Palmer, O. G.; Perreard, L.; Kolling, F. W.; Pioli, P. A.; Goods, B. A.

Macrophages serve both as a first line of defense against invading pathogens and mediate tissue homeostasis. These cells are inherently responsive and heterogeneous and lie on a spectrum of activation states book-ended by M1-like (inflammatory) and M2-like (anti-inflammatory) extremes. The study of human macrophages is necessary to unravel the complex signals and environmental cues that these cells integrate to create their varied phenotypes. In vitro protocols to differentiate human monocytes into macrophages use many distinct activation stimuli at variable concentrations and for differing durations of treatment that can impact macrophage fate. These variations can make it challenging to reproduce findings and compare datasets across research environments. Additionally, few protocols to date have performed rigorous characterization with input material from frozen peripheral blood mononuclear cells (PBMCs).
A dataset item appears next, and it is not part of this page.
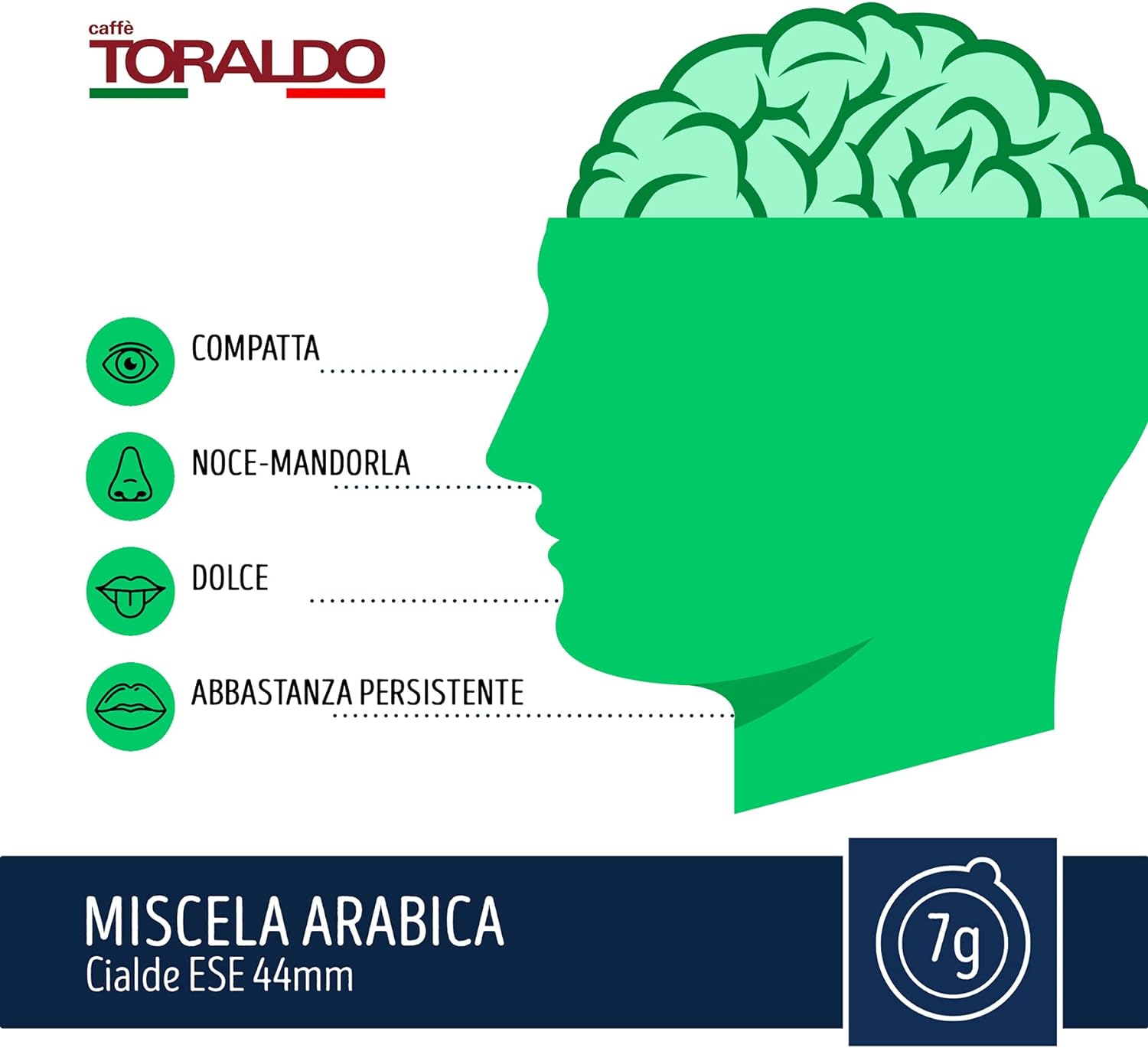 TORALDO CIALDA MISCELA ARABICA 150 PZ - immagine 5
This is important since the availability of fresh blood can often be limiting and can lead to a loss of standardized procedures, particularly for cell therapy applications. Here, we have developed a comprehensive protocol to generate human macrophages from monocytes where we rigorously characterize the impact of differentiation conditions and polarization conditions on human macrophages. We provide a detailed protocol for their characterization using several omics readouts, including their cytokine production and transcriptomes. We also perform depolarization experiments to determine durability of macrophage immunophenotype post-removal of polarizing stimuli. Finally, we demonstrate that nuclei can be isolated and profiled by snRNA-seq directly from macrophages in culture, alleviating the need to detach these adherent cells for downstream multi-ome analyses. Taken together, we provide a comprehensive, detailed and streamlined procedure for the differentiation and characterization of human macrophages from monocytes isolated from frozen PBMCs. This is important for enabling the study of macrophages in a more systematic way from biobanked material.